### Provided data ###

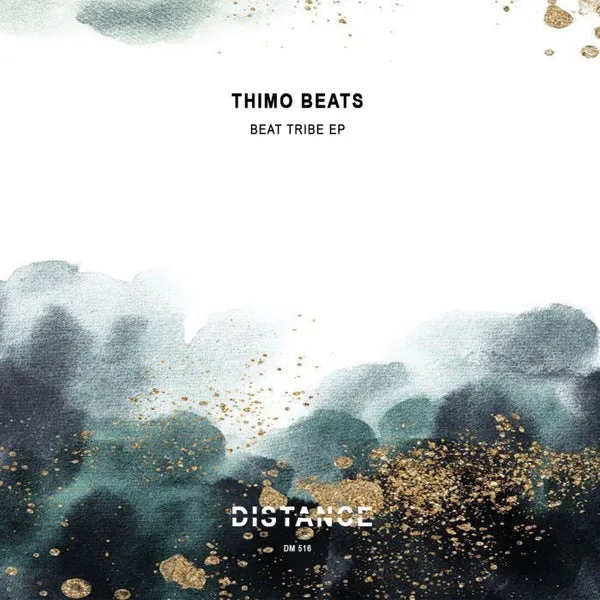 Thimo Beats – Beat Tribe EP cover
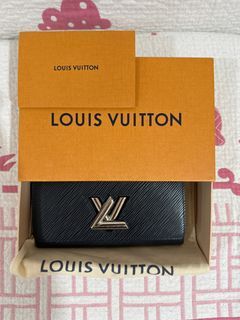 LOUIS VUITTON Monogram Ivy Wallet On Chain 1188781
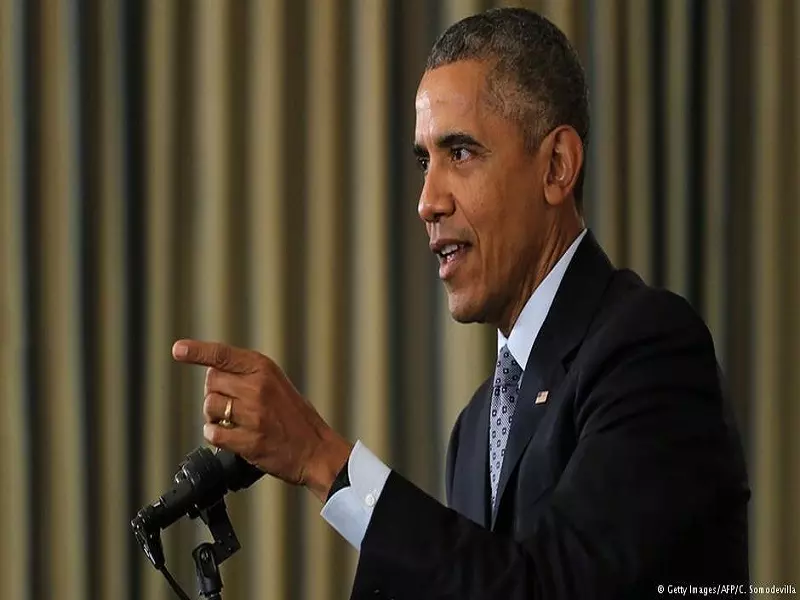 أوباما لقادة تنظيم الدولة : نحن نضرب بقوة أشد و ستكونون الهدف التالي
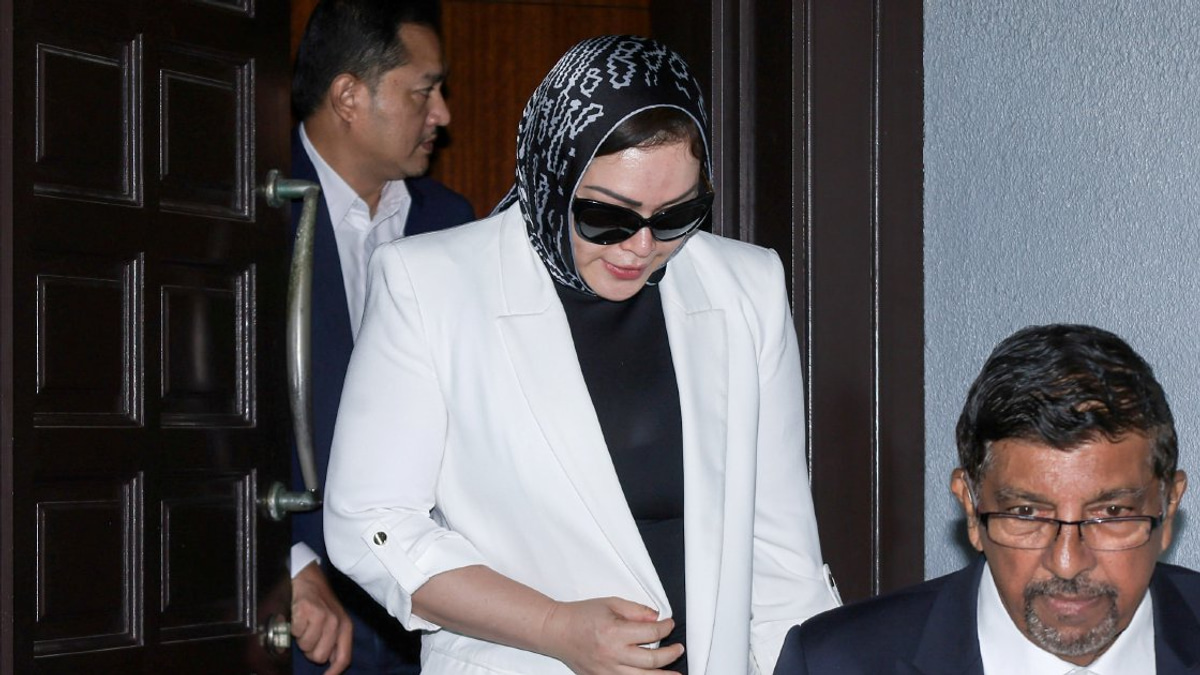 Zizie Izette to learn corruption verdict tomorrow in RM2.8 million case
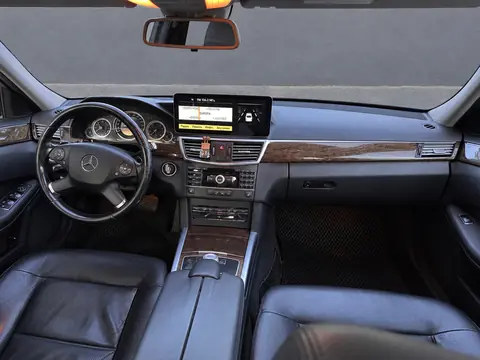 Mercedes-Benz E-Класс 2013, фото 8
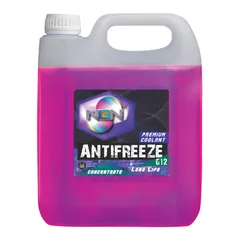 V172085317 NGN Снят, замена V172485317 G12 (RED) ANTIFREEZE Антифриз (концентрат) 4л
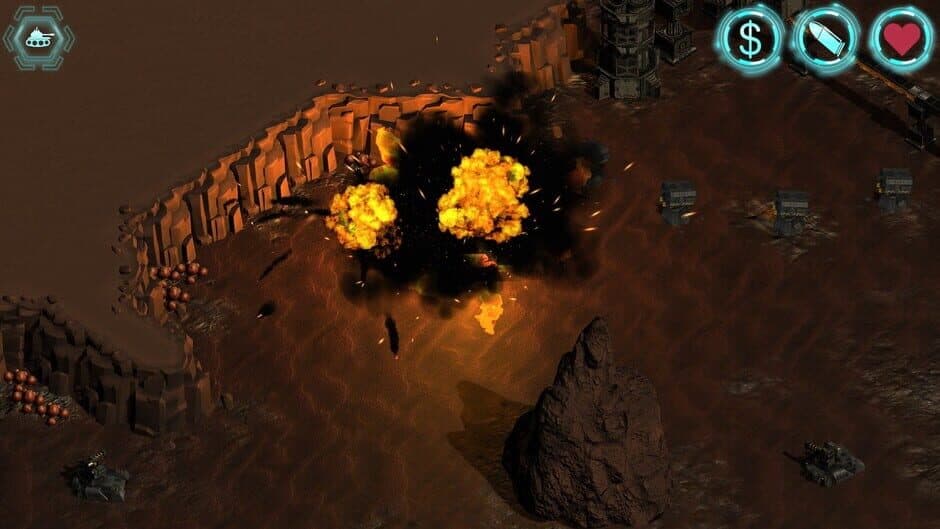 Скриншот 4 из Mars Quest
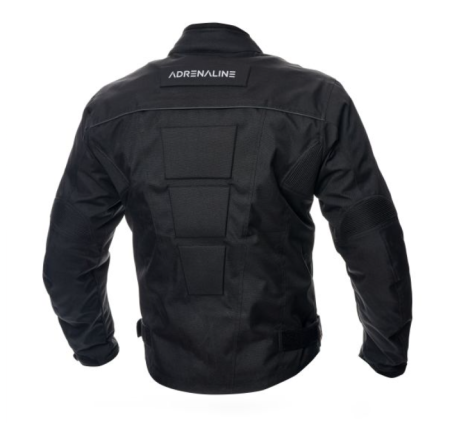 Geaca textil touring Adrenaline Pyramide 2.0 Negru [1]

###

Task
Once the pictures are set aside, repeat the data above exactly.

Problem solution
 Thimo Beats – Beat Tribe EP cover
 LOUIS VUITTON Monogram Ivy Wallet On Chain 1188781
 أوباما لقادة تنظيم الدولة : نحن نضرب بقوة أشد و ستكونون الهدف التالي
 Zizie Izette to learn corruption verdict tomorrow in RM2.8 million case
 Mercedes-Benz E-Класс 2013, фото 8
 V172085317 NGN Снят, замена V172485317 G12 (RED) ANTIFREEZE Антифриз (концентрат) 4л
 Скриншот 4 из Mars Quest
 Geaca textil touring Adrenaline Pyramide 2.0 Negru [1]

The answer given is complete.